Marc McKee is a Columbia, MO author whose latest book is, “Meta Meta Make-Belief.” It’s a poetry collection full of riffs, tangents, & experiments inspired in spirit by the long tradition in literary and performing arts of calling attention to and celebrating the artificiality and constructedness of art. McKee has authored several other poetry collections, and is currently the managing editor at the Missouri Review. I emailed some interview questions to him, and he was kind enough to take time to write back some answers.
Daniel Boone Regional Library: There are several references to film and film-making in your latest book, including a trilogy of elegies for the late actor Philip Seymour Hoffman. How has film influenced your poetry?

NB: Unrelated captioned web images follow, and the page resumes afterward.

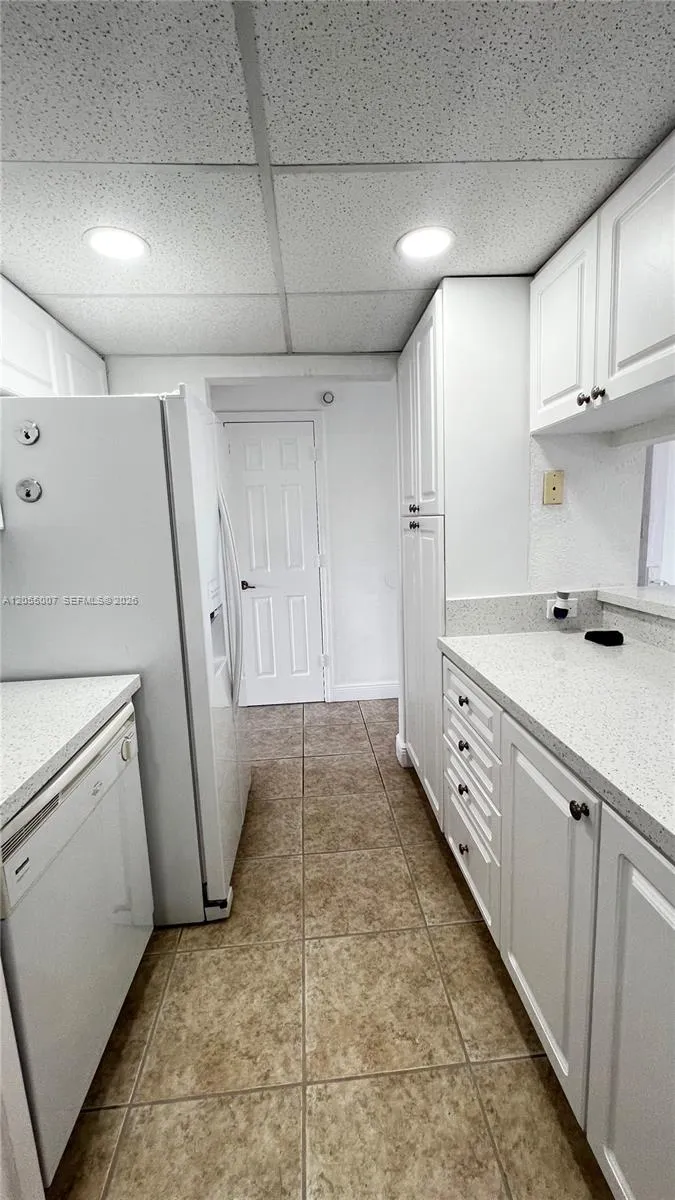 984 W 40th St #2 Hialeah, FL 33012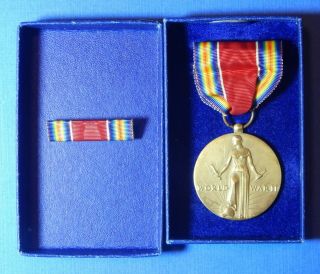 United States World War 2 Victory Medal Of Issue  Y8075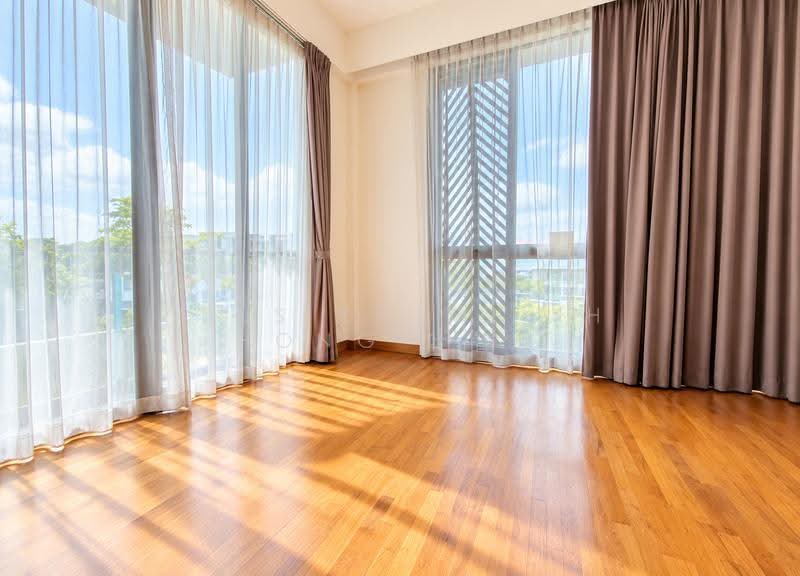 Alana, Sunrise Terrace, Seletar / Yio Chu Kang, 4 Bedrooms, 3,078 sqft, Terraced House For Rent, by Pius Yap Chih Hong 叶智弘, 500283515 - Living Room - PropertyGuru.com.sg
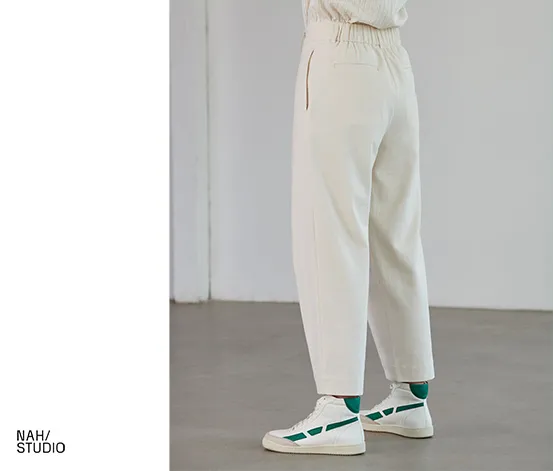 NAH/STUDIO Barrel-Hose | ungefärbte Baumwolle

Marc McKee: It would be hard to completely unpack the effects film has had on my poetry, but especially in the beginning of my becoming serious about writing poetry it was really important. Just to give a little context, I was finishing up my undergraduate degree in 1998 when I really started to pursue poetry. There were a lot of exciting movies coming out at that time, and I had wide-ranging tastes, but I really was most affected by movies that swung for the fences, like “Magnolia” or “Fight Club,” as well as being an easy mark for the Coen brothers and later Wes Anderson. Films like “Run, Lola, Run,” “Wings of Desire,” and “Trainspotting,” not to mention secret gems like “The Zero Effect” and “Grosse Pointe Blank,” as well as obvious works of art from Spike Lee, particularly “Malcolm X,” all informed my sense of how to compress and shape content talking about the most expansive and expanding human concerns as the late 20th century collapsed into the early 21st century.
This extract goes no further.